If the Supreme Court does overturn Abood, such a decision will have a profound impact, across the Country’s twenty five states that permit compulsory “fair share” for teachers, firefighters, police and other public workers as unions will not flourish if they cannot compel non-members to contribute toward their efforts. Friedrichs truly is a case to watch.

 

“No, You Can’t Wear That”—D.C. Circuit Sets Important Limitation On Union Apparel in the Workplace

Contributed by Steven Jados

In the opening sentence of its recent decision, Southern New England Telephone Co. v. NLRB, the federal D.C. Circuit Court of Appeals stated: “Common sense sometimes matters in resolving legal disputes.” If only that were always true in labor disputes.

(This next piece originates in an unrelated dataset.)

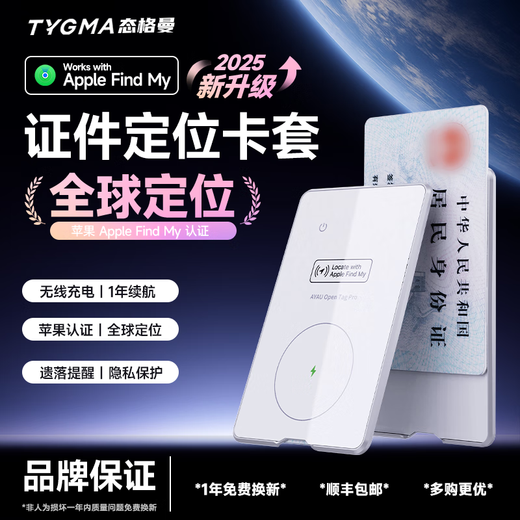 Tageman locator airtag document locator children and the elderly ID card car card Apple certified positioning tracker smart positioning card holder - silver white (only applicable to iPhone)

The legal dispute in this matter centered on the fact that the company prohibited publicly visible employees—those who had direct contact with customers or the public—from wearing union t-shirts that said “Inmate” on the front and “Prisoner of AT$T” on the back. These shirts were part of a campaign by the union representing certain company employees to apply bargaining pressure in the midst of contentious contract negotiations. Notably, the company did allow the shirts to be worn by employees who were not publicly visible.

Common sense says it is less-than-ideal to have your customers and prospects think that you imprison your employees—metaphorically or otherwise.

43200054_sGenerally speaking, however, the National Labor Relations Act protects union members’ rights to wear clothing with union logos and slogans in the workplace. In light of the NLRB’s efforts to expand its reach into non-union workplaces, that same protection conceivably extends to articles of clothing linked to concerted activities relating to wages and working conditions, regardless of whether the clothing is worn by union or non-union employees.

Relying on that generalized protection, prior to this matter reaching the D.C. Circuit, the NLRB ruled that the company acted unlawfully by prohibiting employees from wearing the “prisoner” shirts, and suspending employees who refused to comply with the prohibition.

The D.C. Circuit, however, cited the “special circumstances” exception to the generalized protection favoring union apparel, and stated that this exception allows employers to stop employees “from displaying messages on the job that the company reasonably believes may harm its relationship with its customers or its public image.” In applying that exception to the union’s “prisoner” shirts, the court reinforced the strength and significance of an employer’s concerns of potential damage to customer relationships. Such concerns may outweigh employees’ rights on the subject of union apparel.

All of that said, the bottom line here is that companies do have some rights when it comes to limiting union apparel in the workplace. However, companies must tread carefully when attempting to impose apparel rules because the “special circumstances” exemption will not apply in every case. Common sense eventually prevailed in this matter, but that happened only after a lengthy legal battle that lasted more than five years.